La stessa prassi è stata seguita in tutto il villaggio, racconta Lina, attivista di Mediterranea Saving Humans: «Abbiamo visto un villaggio terrorizzato, invaso dall'esercito senza alcun motivo. Alcune persone sono state letteralmente rapite per qualche ora. Il terrore a cui abbiamo assistito è un'arma usata quotidianamente dall'Occupazione israeliana», denuncia la ragazza.

Mediterranea è presente quotidianamente proprio a Tuwani, con un progetto di interposizione nonviolenta e come osservatorio internazionale sulle violazioni dei diritti umani ai danni del popolo palestinese. Secondo quanto osservato nelle ultime settimane, l’aumento delle violenze si inscrive nel quadro dell’accordo di pace di Trump: «Da quando è stato firmato l’ultimo accordo», commenta Damiano Censi, coordinatore del progetto, «abbiamo assistito a un preoccupante intensificarsi delle violenze e delle operazioni riconducibili all’occupazione israeliana.

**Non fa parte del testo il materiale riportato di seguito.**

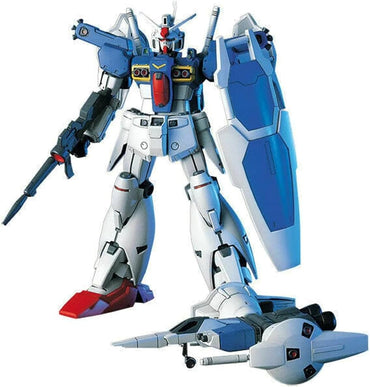 Gundam HG: 1/144: RX-78 GP01Fb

Tali comportamenti rappresentano una palese e inaccettabile violazione dei principi fondamentali del diritto internazionale e dei diritti umani».

Lo scarto tra parole e fatti

Un aumento della violenza che non riguarda solo Tuwani. Pochi giorni fa l’esercito israeliano ha effettuato un pesante raid anche nella vicina città di Yatta, che ha portato a diversi arresti e almeno un ferito. Sempre il 16 ottobre a sud di Nablus le IDF hanno arrestato 32 attivisti palestinesi e internazionali, colpevoli di aver partecipato alla raccolta delle olive. Nel villaggio di Umm Al Khair, dove lo scorso 28 luglio il colono Yinon Levy ha ucciso l’attivista palestinese Awda Hathaleen sparandogli al petto, l’esercito è quotidianamente presente per proteggere i lavori dei coloni, che stanno costruendo un nuovo avamposto, illegale sia secondo il diritto internazionale quello israeliano, a pochi metri dal luogo dell’assassinio. All’inizio di questa settimana, i coloni si sono insediati nelle prime abitazioni, proprio a ridosso del centro per i bambini palestinesi.

Mentre la comunità internazionale parla di pace, sul campo in Palestina si riscontra una realtà molto diversa, fatta di violenze quotidiane, insediamenti illegali, arresti arbitrari e sottrazione di terre e di diritti, frutto di un piano sistematico che la popolazione locale conosce bene e a cui è abituata a resistere: «Qualsiasi cosa facciano, anche un attacco come quello di stanotte, non funzionerà», conclude Hurraini, il tono deciso di chi non ha intenzione di cedere di un centimetro davanti all’ennesimo sopruso, «la nostra determinazione è forte e resteremo sulle nostre terre».